Business / Economy

Slower growth, healthier economy

(Xinhua) Updated: 2015-04-16 09:10

BEIJING - Analysts say China's first quarter economic data, released Wednesday, highlights areas of concern but should not fuel market pessimism.

The slowdown of the world's second-largest economy deepened in 2015 Q1, prompting calls for further policy easing. However, there were signs that the economy is gradually becoming better balanced.

Slowing growth

China's economy grew 7 percent year on year in Q1, down from 7.3 percent in 2014 Q4. This growth, the lowest quarterly growth rate since 2009, was in line with the 2015 "around 7 percent" target.

The National Bureau of Statistics (NBS) reported that growth in industrial output, fixed asset investment and retail sales in March all slowed and were below economists' expectations.

All key headline numbers and components of GDP weakened in Q1, reflecting persistent downward pressure on the economy, UBS economist Wang Tao said.

The ongoing property downturn and staggering exports outweighed a modest Q1 cushioning from solid infrastructure investment and resilient consumption, Wang said.

Wednesday's data is the latest in a string of numbers that suggest further weakness in the economy.

Export data for March, released on Monday, tumbled from a year earlier, due to sluggish global demand.
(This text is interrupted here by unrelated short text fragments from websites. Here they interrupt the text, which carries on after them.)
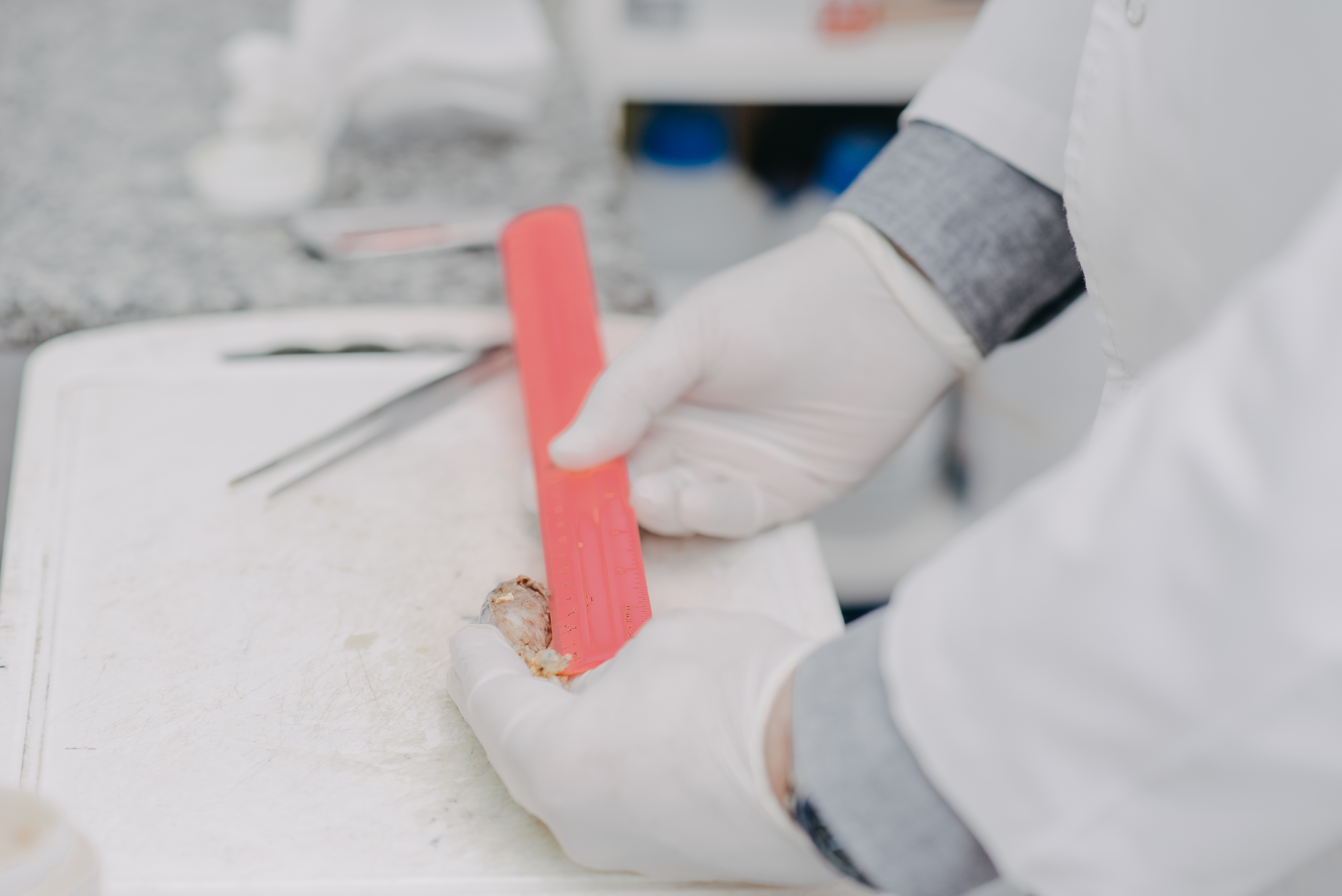 Laboratorio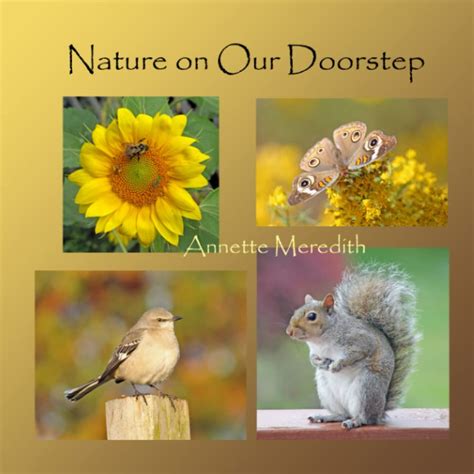 nature our doorstep annette meredith Kindle Editon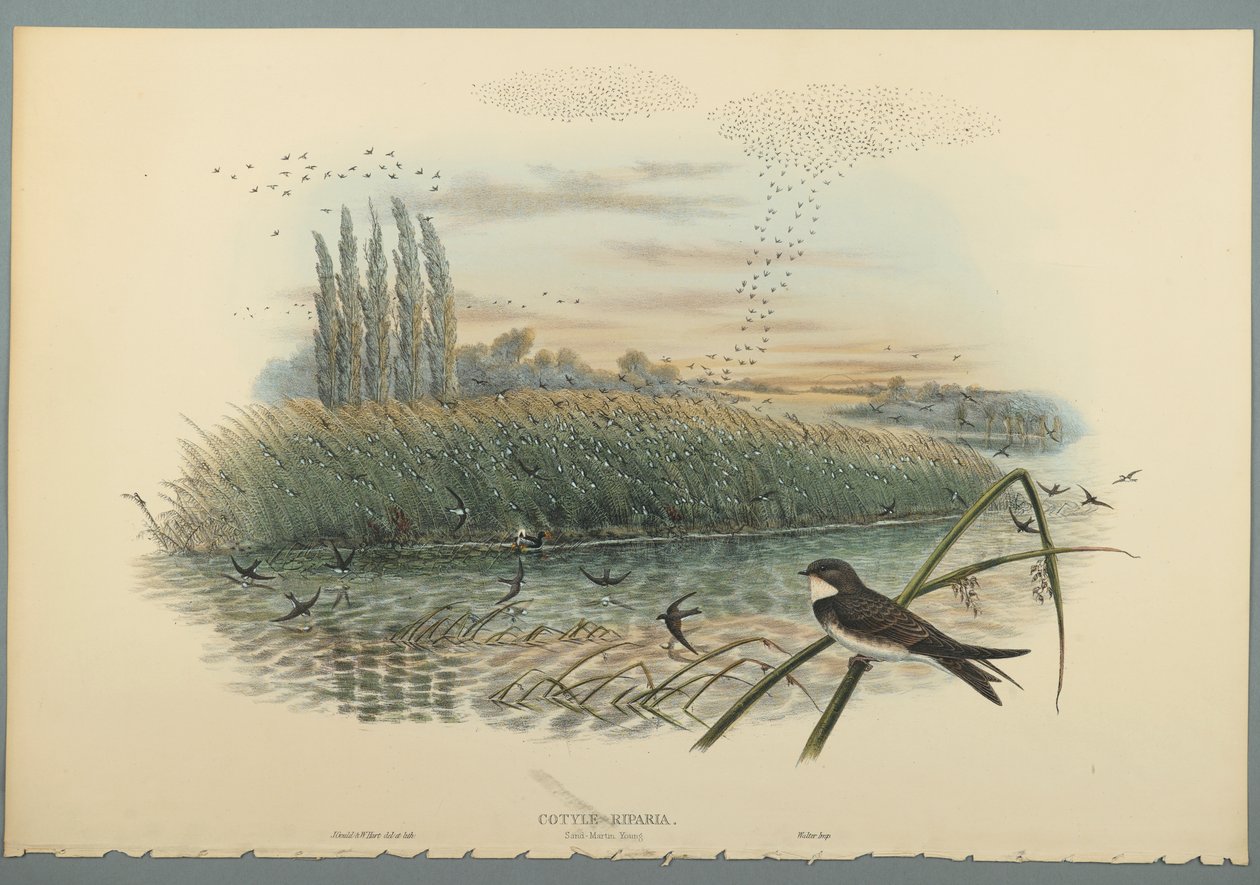 Cotyle Riparia (színes lito szőtt papíron) alkotó: John Gould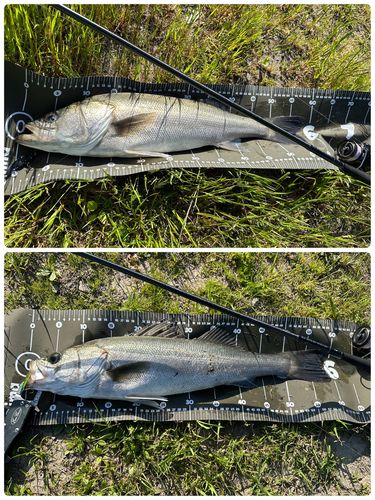 シーバスの釣果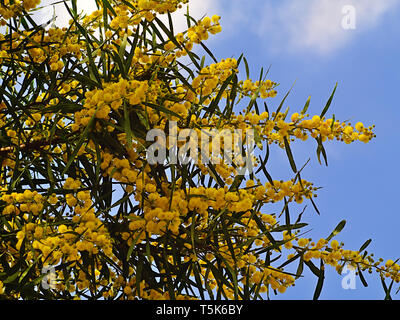 Beautiful colorful mimosa (Acacia Baileyana) tree detail. Twigs full of yellow flowers. Contrast with blue sky. Vibrant spring image. Stock Photo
Import shipments also shrank sharply.

Consumer inflation also remained tepid in March, while producer prices stayed in deflationary territory.

Premier Li Keqiang said on Tuesday that the government should make efficient use of policy tools to maintain growth, promote employment and raise efficiency.

This week, the World Bank trimmed its forecast for China's growth this year from 7.2 percent to 7.1 percent.

Desirable outcome

Despite the slowdown, the economy is still one of the world's fastest growing and enjoys sound fundamentals as the healthy pace of job creation and income growth continue, analysts said.